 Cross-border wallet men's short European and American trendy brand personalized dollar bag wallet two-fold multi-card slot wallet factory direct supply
--*--
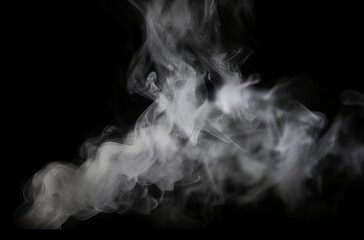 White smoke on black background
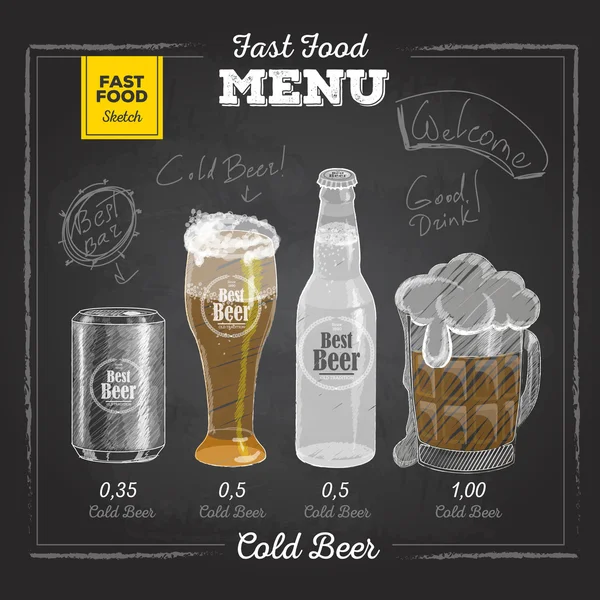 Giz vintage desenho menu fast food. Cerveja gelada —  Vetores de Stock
--*--
#### EXERCISE
Starting at the line containing "White smoke on black background" and finishing at the line containing "Giz vintage desenho", return those lines exactly as they appear above, without the pictures.

#### RESPONSE FOR THIS EXERCISE
 White smoke on black background
 Giz vintage desenho menu fast food. Cerveja gelada —  Vetores de Stock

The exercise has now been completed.